Der Photograph David Liittschwager hat für den National Geographic dokumentiert, dass das Plankton des Ozeans mittlerweile in einer Suppe aus kleinen Plastikteichen schwimmt: “Striking photos reveal plastic and plankton side-by-side”. Bunt und vielgestaltig schwappen Plankton und Plastik Seite an Seite in den Wellen.
Die Plankton-Organismen wie silbrig-transparente Fischlarven unterschiedlicher Altersstufen und Arten, bläulich-transparente Ruderfußkrebse, Garnelen und Krebslarven mit vielen Beinen und Antennen, gelatinöse Rippenquallen und andere Kleinstlebewesen fressen die kleineren Kunststoffpartikel und rudern und zucken um die größeren herum. Die Blaufärbung der winzigen Meereswesen deutet darauf hin, dass sie zum Ökosystem der Meeresoberfläche gehören, dem Neuston.
Dieses gelatinöse Plankton bildet eine wichtige Nahrungsgrundlage für größere Fische. Manche von ihnen wählen gezielt einzelne Beutetiere aus, ihre Lieblingsarten erkennen sie oft an deren charakteristischer Bewebung. Andere Jäger nehmen einfach ein Maul von der Planktonmasse – mit Plastik!
Liittschwager hatte im vergangenen Jahr Makrophotographien von Wasserproben vor Hawaii (Temporary Field Laboratory, NOAA Pacific Islands Fisheries Science Center, Kailua Kona, HI) und vor dem englischen Plymouth gemacht.

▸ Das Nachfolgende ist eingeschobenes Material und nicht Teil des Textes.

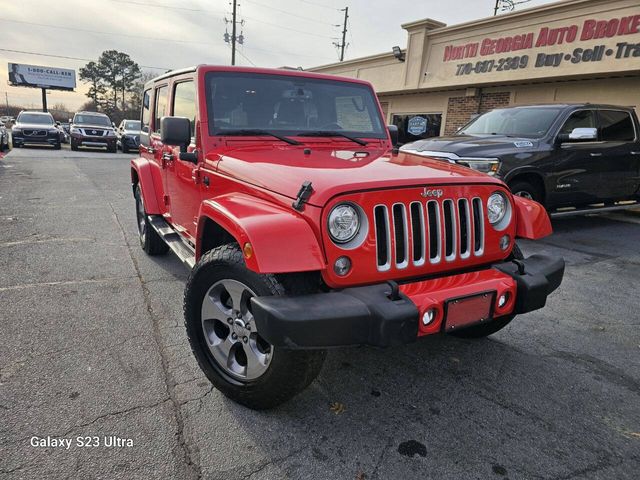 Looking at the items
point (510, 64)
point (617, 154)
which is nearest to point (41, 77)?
point (510, 64)

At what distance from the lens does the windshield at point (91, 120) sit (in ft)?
69.3

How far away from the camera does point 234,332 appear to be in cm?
245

Die Wasserproben goß er auf durchsichtige Tabletts, die von unten beleuchtet wurden – so sind die kleinen Organismen und die Plastikpartikel am deutlichsten zu sehen. Das bunte Gewimmel macht die Unterscheidung von Lebewesen und Müll auf den ersten Blick sehr schwierig. Beim Auseinandersortieren wird deutlich: Die 400 Milliliter-Wasserprobe von hawaii enthielt mehr Kunststoff als Plankton. Die meisten Plastikteile sind kleiner als 5 Millimeter, also Mikroplankton. Auffallend sind die hellgrünen und türkisen Fasern, die aus zerfasertem Fischereigeschirr wie Leinen und Netzen stammen. Sehr flache Teile scheinen Folien-Stückchen zu sein. Die meisten bunten Splitter mit oft scharfen Kanten lassen sich nicht mehr zuordnen, sie sind Bruchstücke von durch UV-Strahlung zermürbtem und durch Wellengang zerschreddertem Wohlstandsmüll.
Von der Masse der Plastikteile war Liittschwager schockiert.

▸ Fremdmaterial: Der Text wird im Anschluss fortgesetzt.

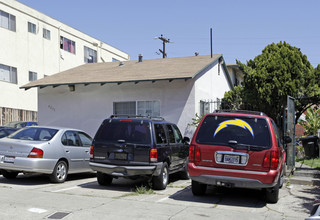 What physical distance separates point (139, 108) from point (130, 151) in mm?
7373

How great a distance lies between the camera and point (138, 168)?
28.8 ft

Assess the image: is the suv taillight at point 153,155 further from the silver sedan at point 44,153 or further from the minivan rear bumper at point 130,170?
the silver sedan at point 44,153

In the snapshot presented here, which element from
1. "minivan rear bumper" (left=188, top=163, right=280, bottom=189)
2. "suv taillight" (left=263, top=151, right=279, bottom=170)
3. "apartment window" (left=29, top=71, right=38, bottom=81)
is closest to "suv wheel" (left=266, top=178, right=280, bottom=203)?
"minivan rear bumper" (left=188, top=163, right=280, bottom=189)

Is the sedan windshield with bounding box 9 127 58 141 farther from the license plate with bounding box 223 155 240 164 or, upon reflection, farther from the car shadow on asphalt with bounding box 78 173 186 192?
the license plate with bounding box 223 155 240 164

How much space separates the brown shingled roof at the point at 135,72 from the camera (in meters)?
15.4

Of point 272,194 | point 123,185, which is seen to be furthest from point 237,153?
point 123,185

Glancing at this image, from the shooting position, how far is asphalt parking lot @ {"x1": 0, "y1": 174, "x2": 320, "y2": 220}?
651 cm

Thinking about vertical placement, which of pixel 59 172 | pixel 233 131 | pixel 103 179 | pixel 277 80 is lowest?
pixel 103 179

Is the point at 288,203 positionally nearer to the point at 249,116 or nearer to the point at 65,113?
the point at 249,116

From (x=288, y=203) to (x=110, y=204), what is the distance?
3.69 m

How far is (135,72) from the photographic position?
17031 mm

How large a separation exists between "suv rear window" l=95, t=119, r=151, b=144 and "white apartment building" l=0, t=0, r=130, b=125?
19907 millimetres

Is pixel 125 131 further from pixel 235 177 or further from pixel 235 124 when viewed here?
pixel 235 177

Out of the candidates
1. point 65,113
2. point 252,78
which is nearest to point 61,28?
point 65,113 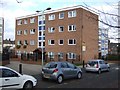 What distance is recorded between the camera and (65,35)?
146 feet

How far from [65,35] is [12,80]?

Liittschwager hat in seiner 20-jährigen Tätigkeit als Naturphotograph selbst in entlegensten Gebieten so hohe Kunststoffbelastungen gefunden, dass er die Dokumentation der allgegenwärtigen Plastikverschmutzung zu seiner Mission gemacht hat.
Die Bildrechte seiner beeindruckenden und schockierenden Makrophotographien liegen beim Photographen und dem National Geographic, darum darf ich sie leider nicht abbilden. Aber es lohnt sich unbedingt, sie anzuschauen!

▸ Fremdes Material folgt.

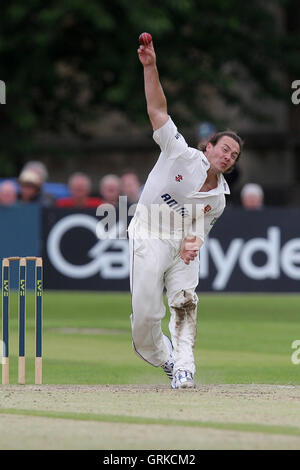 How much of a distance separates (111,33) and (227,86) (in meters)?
2.50

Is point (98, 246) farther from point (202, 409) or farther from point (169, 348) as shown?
point (202, 409)

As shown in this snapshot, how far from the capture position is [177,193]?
31.3ft

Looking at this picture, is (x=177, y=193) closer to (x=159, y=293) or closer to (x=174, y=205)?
(x=174, y=205)

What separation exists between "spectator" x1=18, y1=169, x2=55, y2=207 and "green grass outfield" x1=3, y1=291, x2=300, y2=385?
139 cm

Mittlerweile ist sicher, dass viele Fische mit dem Plankton auch Plastik fressen. So ist etwas nachgewiesen, dass Anchovis Plastikteile vor allem dann fressen, wenn sie schon von einem Algenrasen bedeckt sind – die Algen-Plastik-Pellets haben dann den richtigen Geruch. Die kleinen silbernen Heringsartigen mit dem strengen Geschmack sind wieder die Nahrungsbasis für viele größere Tiere, Tintenfische, Fische, Haie und Wale.
Eine andere Studie wies nach, dass in 90 % des Meersalzes, das für den menschlichen Verzehr verkauft wird, bereits Mikroplastik nachzuweisen ist.
So landet der Wohlstandsmüll auch wieder auf den Tellern seiner menschlichen Produzenten, im Mikrobereich oft unerkannt. Die gesundheitlichen Auswirkungen auf Menschen sind bis jetzt nicht abzuschätzen, es gibt dazu noch keine belastbaren Langzeitstudien. Aber es ist zu befürchten, dass es nicht folgenlos bleiben wird. Darum wird jetzt zunehmend auch an den Müll-Plankton-Wechselwirkungen geforscht, wie etwa die ICES-Konferenzen (ICES: International Council for the exploration of the Sea) zeigen.